В горах Таврии | страница 31



Я слушал Македонского и чувствовал к нему большое уважение. Именно о таком командире я мечтал, все, что он говорит, хотя и смутно, но зрело и в моей душе.

— Операция получится! — горячо поддержал я командира отряда и стал помогать в разработке деталей предстоящей операции.

Черный еще подумал и тоже согласился.

Стремительно вел Македонский отряд. Без шума, с хорошей разведкой, партизаны благополучно добрались до условного места и после короткой передышки бросились на ничего не подозревавших гитлеровцев. Полчаса шел ночной бой. Фашисты ошалело метались по улицам, так и не сумев ответить партизанам дружным огнем. Потом над лесом взвилась ракета — сигнал отхода. Потеряв двух человек убитыми и унося двух раненых, никем не преследуемый отряд утром был на своих базах.

Результат боя — двенадцать уничтоженных машин, двадцать восемь убитых фашистов.

— Ну, и бьет Михаил Андреевич фашистов! — хвастался разведчик отряда Василий Васильевич, который в мирное время работал в одном хозяйстве с Македонским.

Я уходил из отряда и уносил первые радости удачного партизанского боя.

— А продукты у коушанцев надо отобрать, — провожая меня, сказал Македонский.

— Правильно, надо отобрать, — согласился я.

ГЛАВА ЧЕТВЕРТАЯ

После удачной операции бахчисарайцев мы разработали план нападения на Коуш.

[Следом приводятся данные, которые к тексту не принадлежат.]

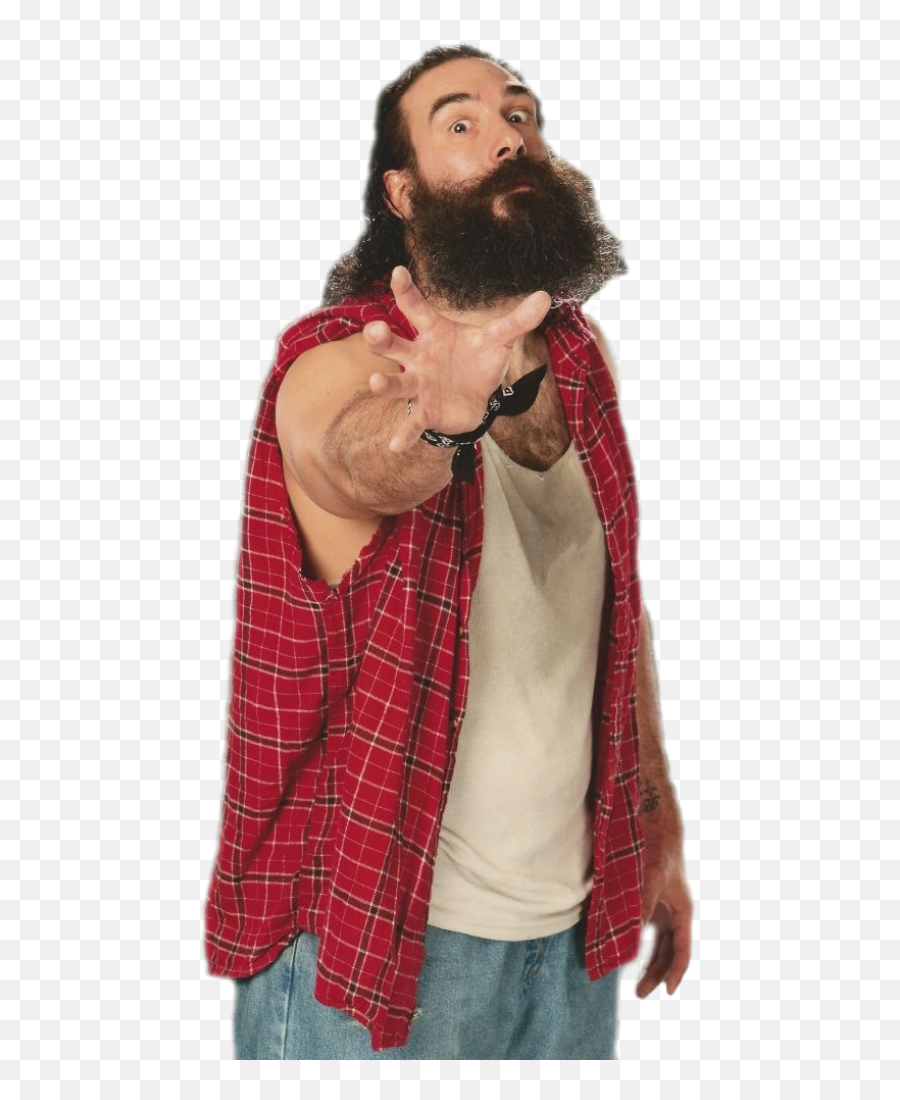 Wwe Luke Harper Wearing Red Shirt - Tartan Png,Luke Harper Png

Предполагалось выйти с тремя отрядами, ударить по немецкому гарнизону, отобрать партизанские продукты и захватить удравшего от Бортникова проводника, бывшего председателя коушанского колхоза.

Вечером, взяв с собой группу партизан, я пошел в Ак-Шеихский отряд, которым командовал Федосий Степанович Харченко.

Ак-шеихцы, на первый взгляд казалось, — отряд тяжелодумов. Все здесь делается медленно, но верно. Народ не суетится, не бегает между землянками, а ходит вразвалку, неторопливо, степенно. В каждой землянке живут дружно, по-семейному. На всем сказывается характер самого командира, старого партизана со скадовщины, воевавшего еще под Херсоном.

Харченко — украинец. Седая борода, черные с хитроватым огоньком глаза. Был, по-видимому, красивым чернявым парубком: следы былой красоты видны и сейчас, несмотря на его пятьдесят пять лет. Одет в теплый черный полушубок и в серую каракулевую папаху с заломленной верхушкой. Поверх сапог — постолы из сыромятной кожи. Улыбается он редко, на слова скуп, вид у него довольно строгий.

Принял меня Харченко суховато.

Я познакомился с делами отряда, рассказал командиру о предварительном решении штаба района о налете на Коуш.